Ai sensi dell’art. 10, comma 5 della legge 183/2011 denominazione e ragione sociale deve contenere l’indicazione “società tra professionisti”.

La norma non fa riferimento all’oggetto sociale; si dispone solo che possono assumere la qualifica di società tra professionisti le società il cui atto costitutivo preveda l’esercizio in via esclusiva dell’attività professionale da parte dei soci e che la società tra professionisti può essere costituita anche per l’esercizio di più attività professionali, vale a dire società interprofessionali costituite da commercialisti, architetti, ecc.


Quali requisiti soggettivi devono avere i soci di una STP?

Le società tra professionisti possono essere composte da due verse tipologie di soci (art. 10, comma 4, lett. b, L. n. 183/2011):

  • la prima tipologia di soci, obbligatoria, è costituita esclusivamente dai professionisti iscritti in ordini, albi e collegi, anche in differenti sezioni (commercialisti, architetti, ecc.). Possono essere soci anche i cittadini degli Stati membri dell’Unione europea in possesso di un titolo di studio abilitante per l’esercizio della professione. I professionisti soci sono obbligati ad osservare il codice deontologico, così come la società è soggetta al regime disciplinare dell’ordine al quale risulti iscritta;
  • la seconda tipologia di soci, eventuale e non obbligatoria, è rappresentata da non professionisti che possono far parte della società sia come soci d’opera (ma solo per prestazioni tecniche), sia come soci di capitale.

Nelle STP è obbligatoria la prevalenza dei soci professionisti?

Il numero dei soci professionisti e la partecipazione al capitale sociale deve essere tale da determinare la maggioranza di 2/3 nelle deliberazioni o decisioni dei soci. La maggioranza richiesta riguarda solo ai soci professionisti che conferiscono l’attività e non ai soci professionisti tout court (sebbene professionista può anche non essere un socio d’opera ma conferire capitale, e non è pertanto obbligato a prestare la propria opera).

Il venir meno della maggioranza dei due terzi dei soci professionisti costituisce causa di scioglimento della società. Lo scioglimento non libera il professionista incaricato dall’obbligo di continuare l’attività informando il cliente che la società non può, tuttavia, assumere nuovi incarichi.

Come già detto, la norma prevede espressamente che la partecipazione ad una società è incompatibile con la partecipazione ad altra società tra professionisti (art. 10, comma 6, L. n. 183/2011).
È dubbio se il divieto valga per tutti o solo per i soci professionisti.

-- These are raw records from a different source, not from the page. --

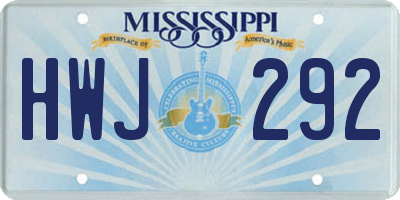 MS license plate HWJ292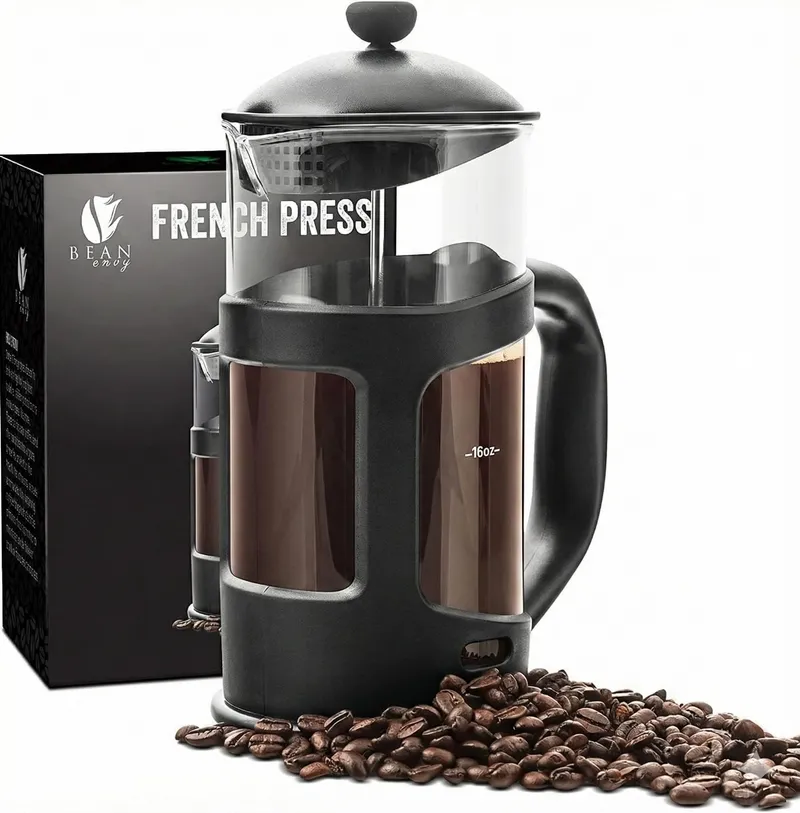 Bean Envy French Press Coffee Maker - 34 oz Glass Carafe Coffee Press Stainless Steel Plunger - Multipurpose Beverage Maker with Borosilicate Glass — image 1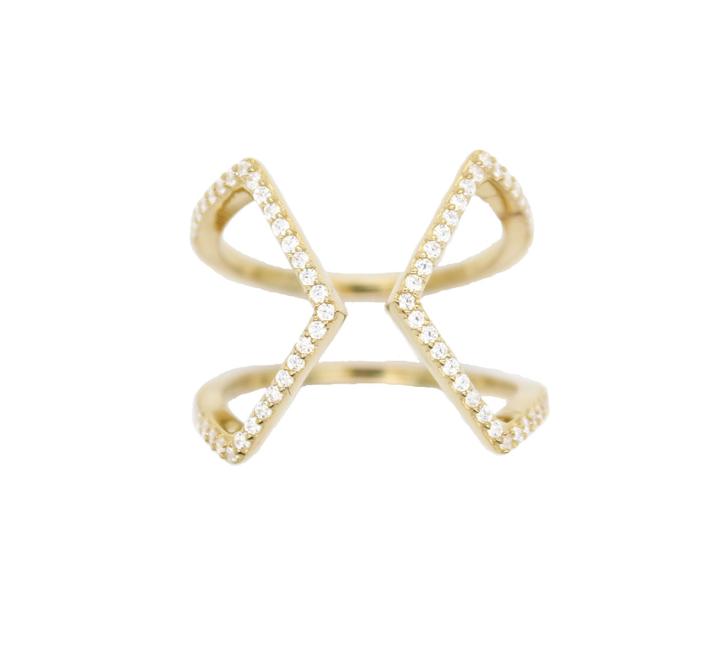 Rachael Ryen - Open Cross Pave Ring - Gold
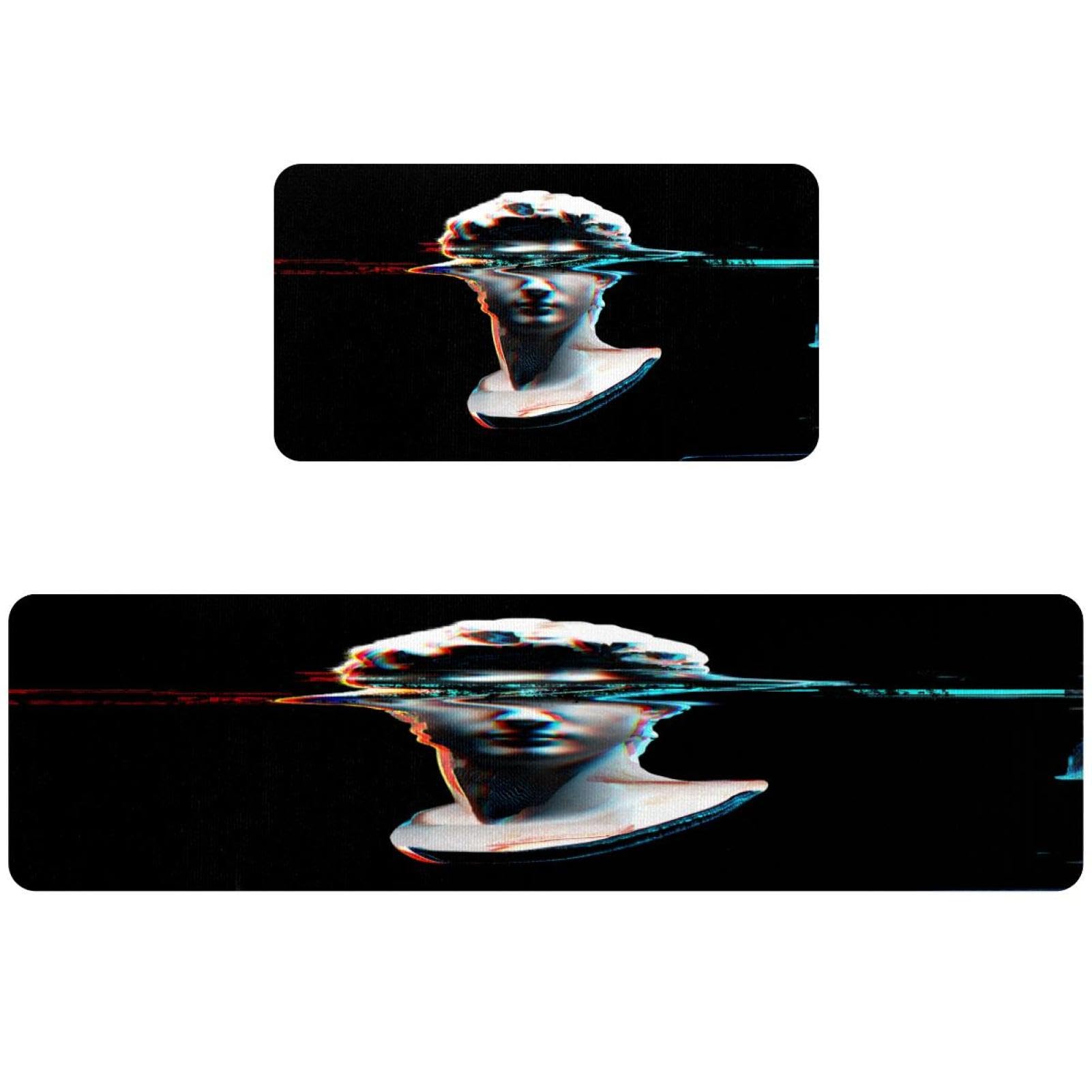 Alfombrillas de cocina absorbentes y antideslizantes lavables con busto digital VAPOKF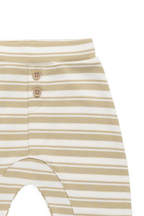 Pantalon classique en coton rayé avec taille élastique et bouton décoratif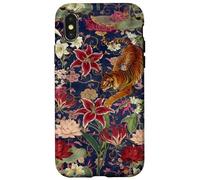Tigre Vintage Amidst Blossoms Asiatique Jardin Art Fleur Amoureux Coque pour iPhone X/XS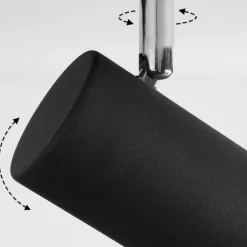 Plafonnier Javel Chrome, Noir, 6 lumières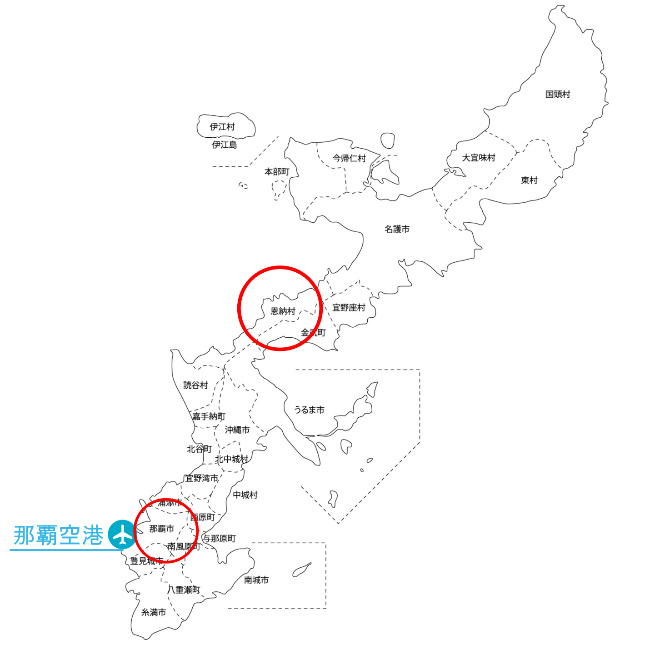 沖縄の地図、那覇と恩納村に印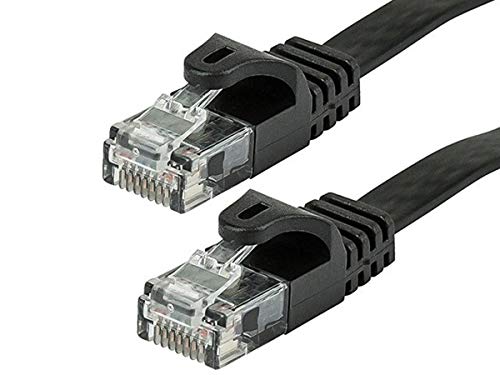 Monoprice Cat5e Ethernet-Patchkabel – RJ45, flach, verseilt, 350 MHz, UTP, reiner blanker Kupferdraht, 30 AWG, 30 m, Schwarz von Monoprice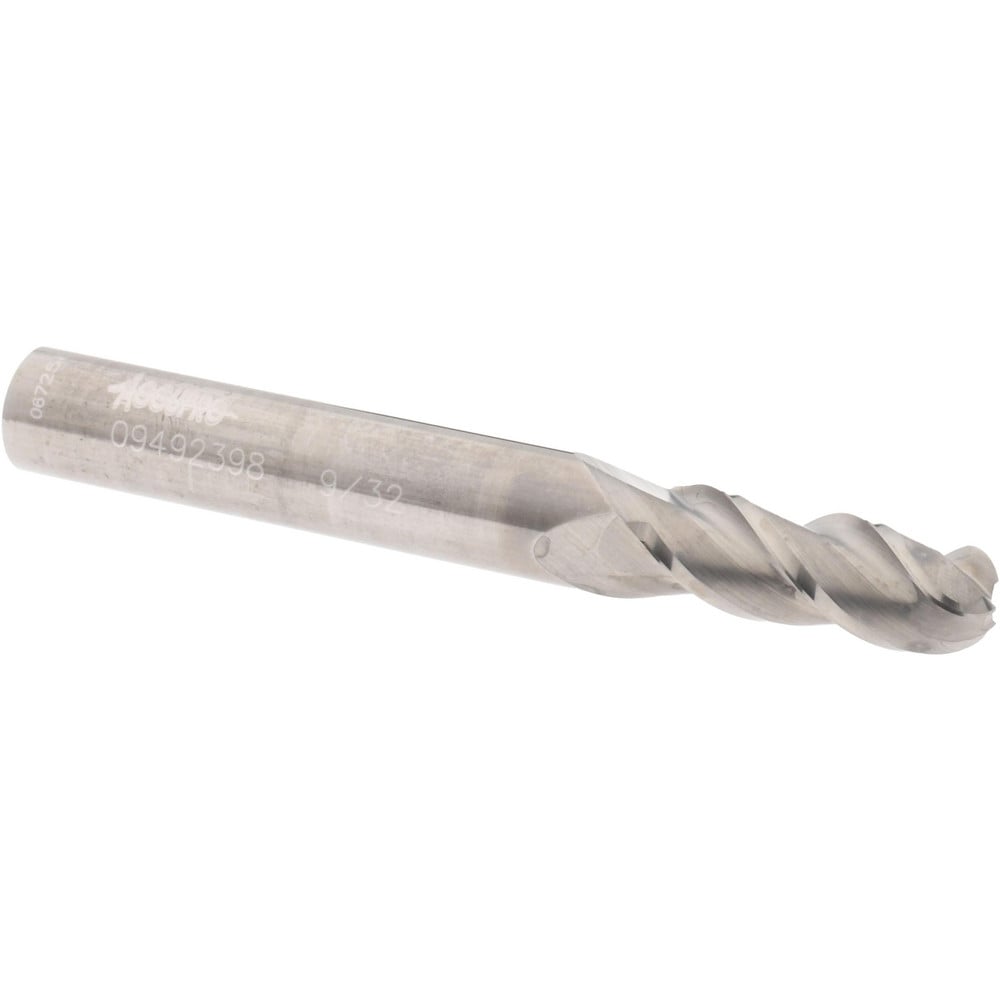 Ball End Mill: 0.2813" Dia, 0.75" LOC, 3 Flute, Solid Carbide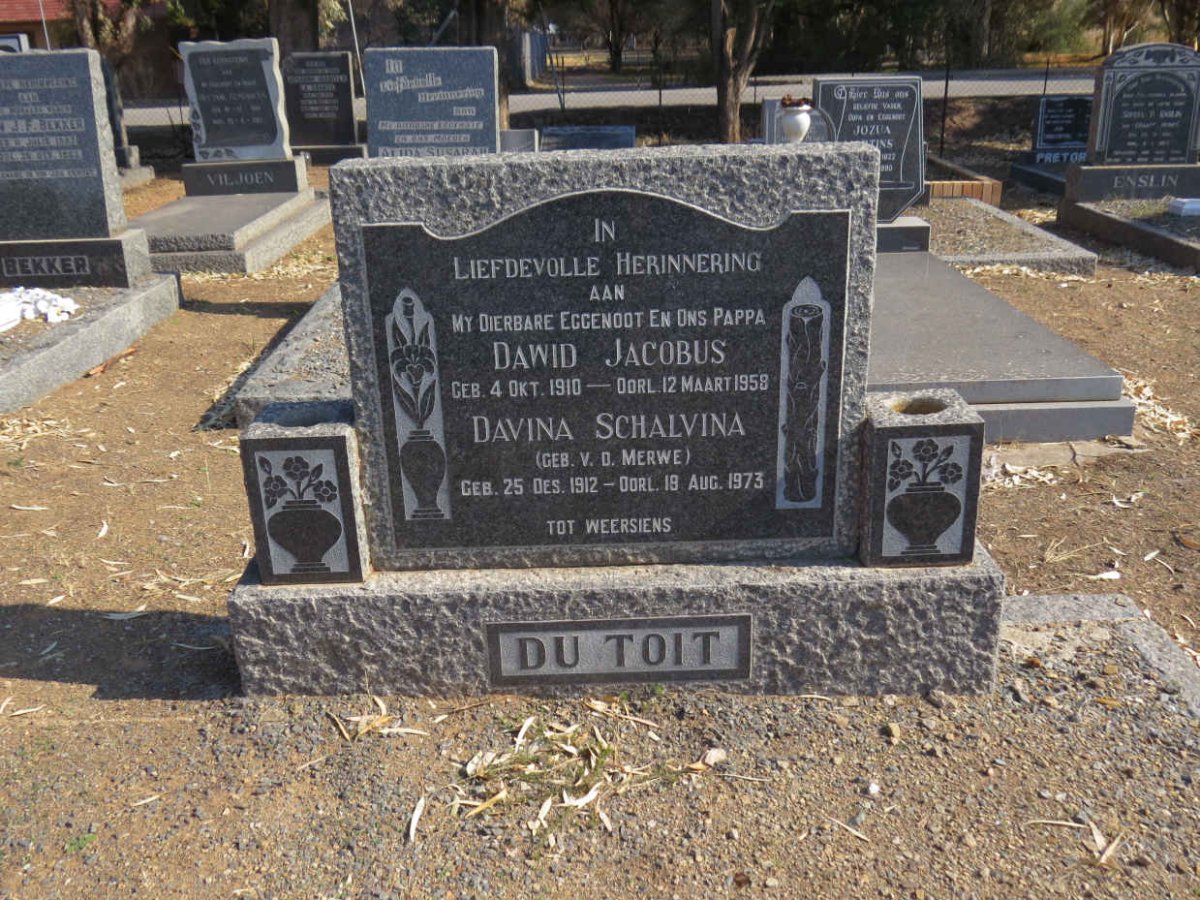 TOIT Dawid Jacobus, du 1910-1958 &amp; Davina Schalvina V.D. MERWE 1912-1973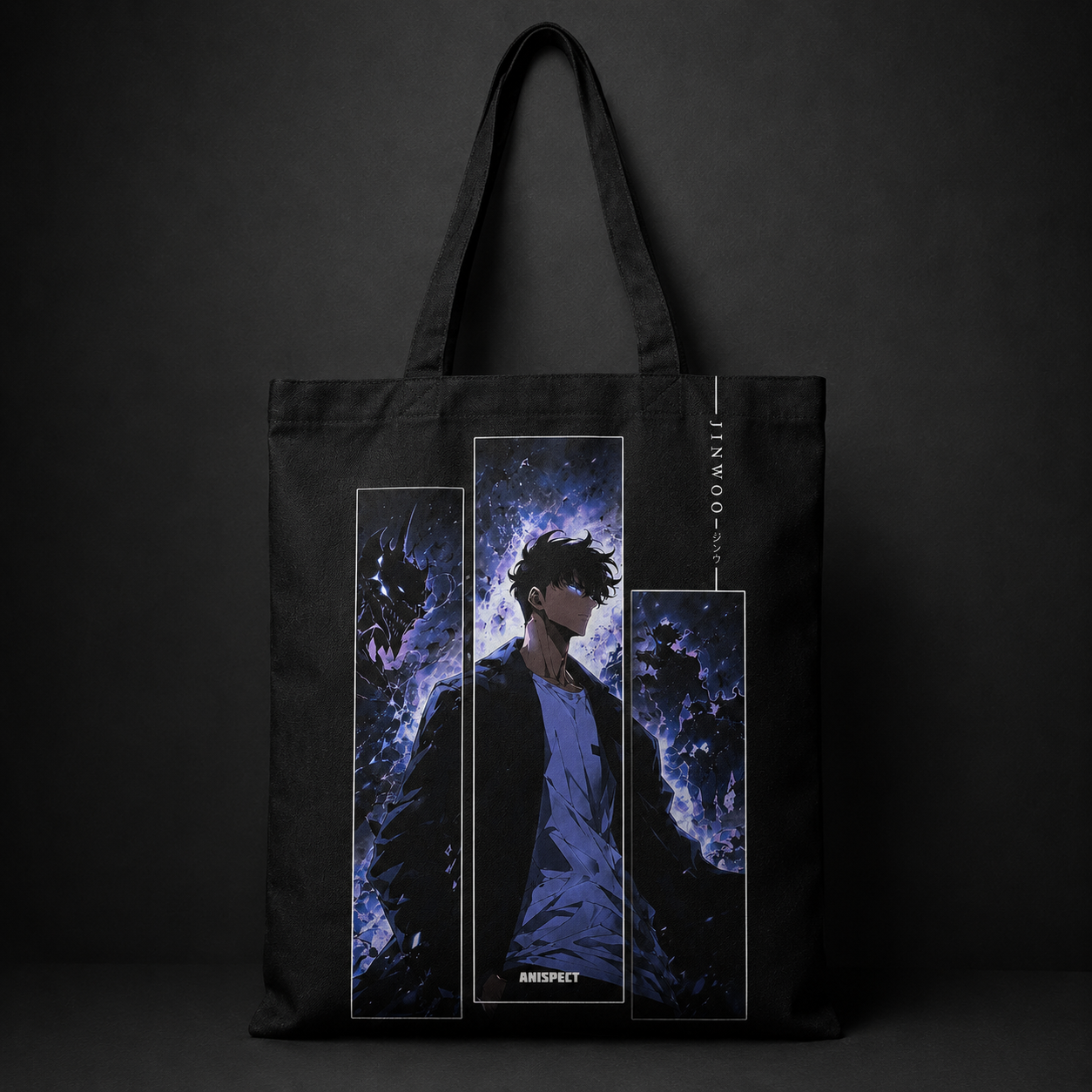 Black tote bag with Sung Jin-Woo Solo Leveling Jinwoo Triptych graphic – photo 1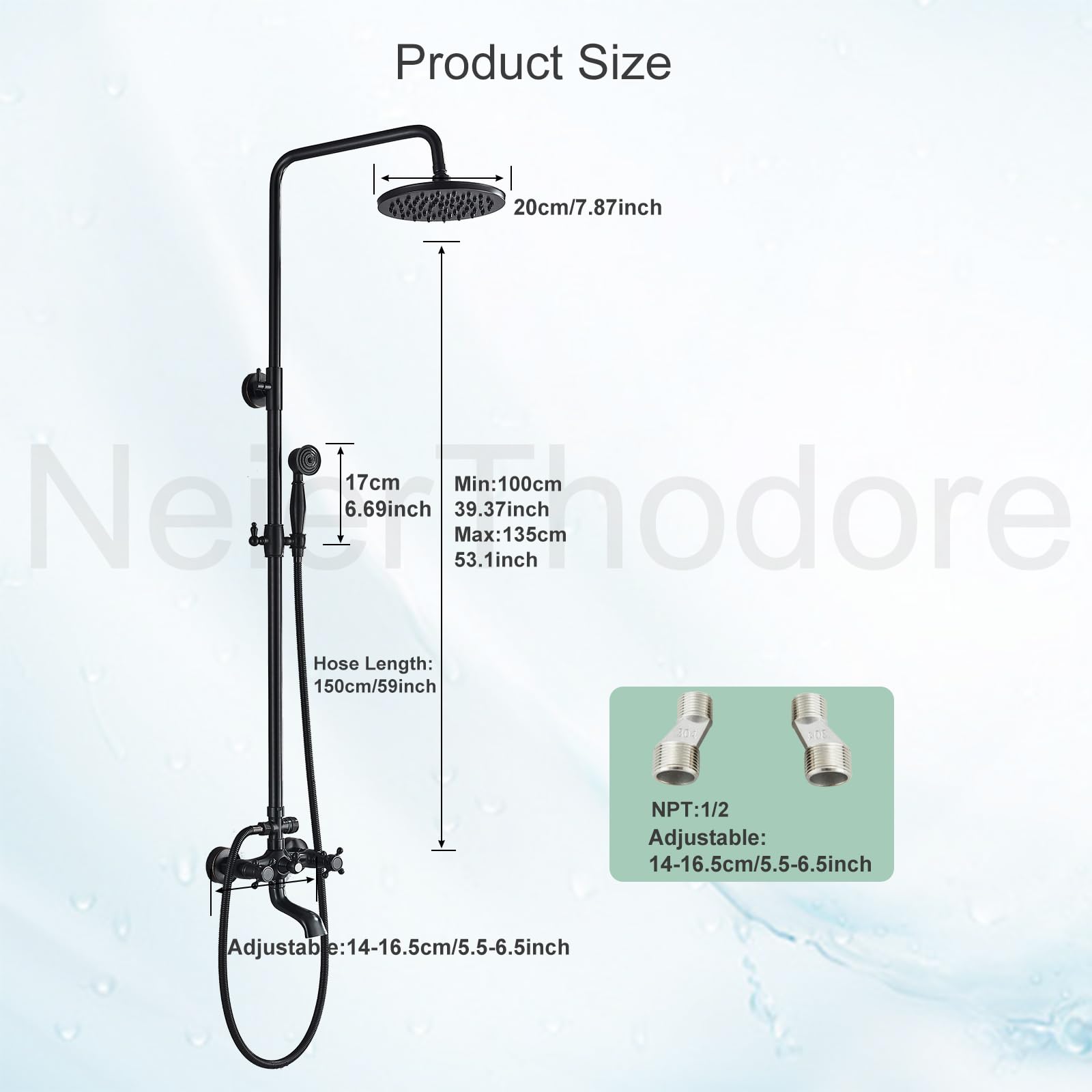 Juego de Llave de Ducha NeierThodore Bronce Aceitado con Sistema Completo Montado en la Pared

Dal 2026 stop al doppio requisito per le società tra professionisti (STP)

La legge 190/2025 ha modificato l’articolo 10, comma 4, lettera b), della legge 183/2011 in materia di funzionamento delle STP per sciogliere le incertezze interpretative che hanno limitato finora l’operatività delle STP alimentando numerosi contenziosi interni agli Ordini professionali.


Il motivo del contendere è il (doppio) requisito richiesto alle STP per l’iscrizione nell’apposita sezione dell’Albo.

Secondo l’interpretazione più rigida, infatti, le STP devono rispettare cumulativamente due requisiti: devono essere professionisti almeno 2/3 dei soci e questi devono detenere anche almeno 2/3 del capitale sociale.

Un orientamento più morbido della giurisprudenza ritiene invece sufficiente che i soci professionisti detengano il controllo sostanziale delle decisioni societarie, anche se non in termini di maggioranza del capitale.

La Legge 2025 sulla Concorrenza scioglie questo nodo prevedendo che per l’iscrizione è sufficiente che le società tra professionisti garantiscano ai soci professionisti la possibilità di determinare la maggioranza qualificata di 2/3 nelle deliberazioni o decisioni strategiche, in coerenza con le regole del modello societario adottato.

Solo la perdita di tale controllo comporta la cancellazione dall’Albo, salvo regolarizzazione entro sei mesi.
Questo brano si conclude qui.